Uncertainty prevails post-pandemic

London, UK: The coronavirus epidemic has exposed how tightly supply and demand determine temperature-controlled transport, especially in the food sector.

Panic buying among consumers has been acerbated by supply chain hiccups caused by unexpected closures of meat processing plants where staff are especially vulnerable to the virus.

According to a report from CoBank Knowledge Exchange, meat supplies in the United States were shrinking by 30% as Memorial Day approached, leading to retail price increases as high as 20%, a situation likely to persist at least through June.

The shift in consumer buying patterns in the US where locked-down consumers stocked up on non-perishable foodstuffs while cutting down on fresh alternatives led to the demise of the Union Pacific Railroad’s Cold Connect operations, a multimodal service that offered end-to-end transportation for refrigerated loads.

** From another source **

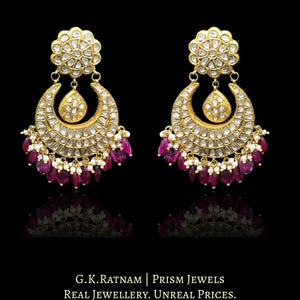 23k Gold and Diamond Polki Chand Bali Earring pair with natural freshwater pearls and tourmaline-look red stones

Adding to the pressure are logistics providers prioritising delivery of Covid cargoes. In the US, Hawaiian Airlines set up a new cargo service to deliver groceries to rural communities on Molokai while United Airlines transformed one of its cargo sites in Houston into a food distribution centre.

It will be some time before consumers resume their pre-pandemic food buying habits and there is also the risk as lockdowns are reintroduced in the US and possible the UK. will be required.

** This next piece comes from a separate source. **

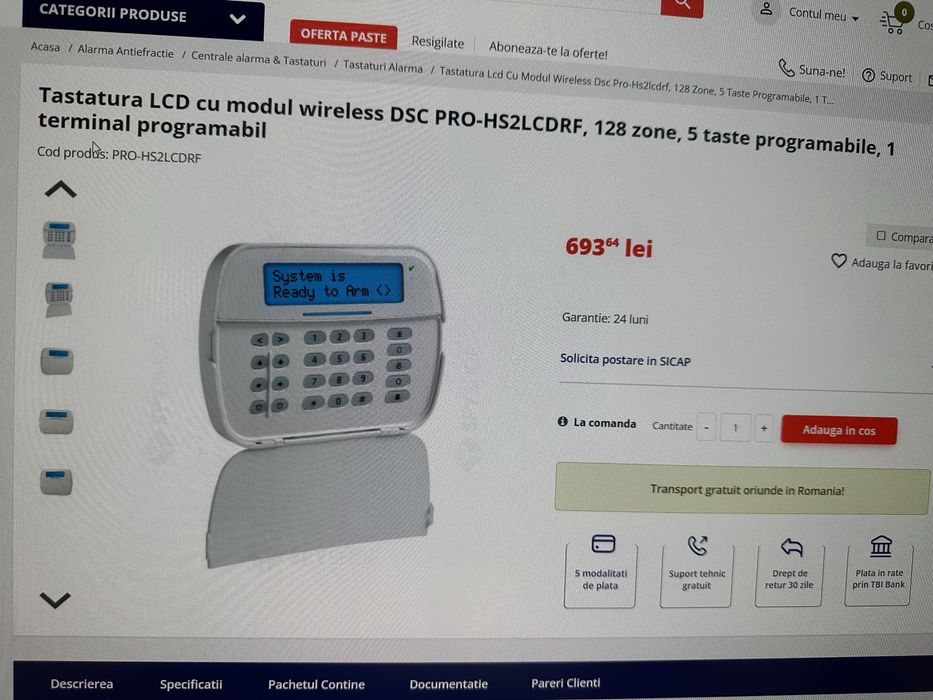 Tastatura alarma wireless DSC PRO-HS2LCDRF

Supply-chain disruptions and surges and uncertainty compound planning while the growth of home delivery could be the big winner for some in the post-pandemic world. But for cold-chain logistics providers this may be only a short term opportunity.

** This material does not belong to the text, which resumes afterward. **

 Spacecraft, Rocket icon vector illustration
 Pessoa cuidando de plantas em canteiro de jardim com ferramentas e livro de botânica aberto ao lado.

In the US, Jamie Overley, chief executive, East Coast Warehouse, which operates temperature-controlled sites in Elizabeth and Philadelphia as well as port drayage services through Safeway Trucking, has seen short-term warehouse operations benefit as inventories expanded, but outbound transportation flatten as consumer demand slowed. “As we look ahead to the second half of 2020, we expect much will depend on consumer demand and the pace of recovery as the peak season of October through December approaches.”

Lineage Logistics has also experienced a surge in demand. In March, Lineage hired 1,000 new employees to meet demand globally and expected that another 1,000 would be required within a few months. “We are responding to surges in customer demand and to keep grocery stores stocked,” said Greg Lehmkuhl, chief executive, Lineage.

Lineage’s acquisition of Emergent Cold added 1.9bn cubic feet of capacity in 12 countries in North America, South America, Europe, Asia, Australia, and New Zealand, as well as distribution centres in Dallas-Fort Worth and at the ports of New Orleans, Houston, and Charleston.

MTC Logistics says its customers want it to accelerate opening new cold-chain infrastructure. It is in the process of developing a new refrigerated cargo site at the Port of Mobile, part of a $61m investment. “The feedback from processors in the southeast and our international import customers has been extremely positive,” said Andy Janson, president, MTC Logistics. “Mostly we hear, ‘Hurry up and open.’”

The uncertainties and challenges facing the industry are highlighted by a Global Cold Chain Alliance survey that found half of cold-chain participants see supply chain disruptions – such as keeping up with demand surges, slowdowns in service, and production and manufacturing challenges – as the biggest business challenge to result from coronavirus epidemic. Over half the study’s respondents experienced decreases in revenue compared to pre-pandemic expectations and approximately 80% indicated increased costs.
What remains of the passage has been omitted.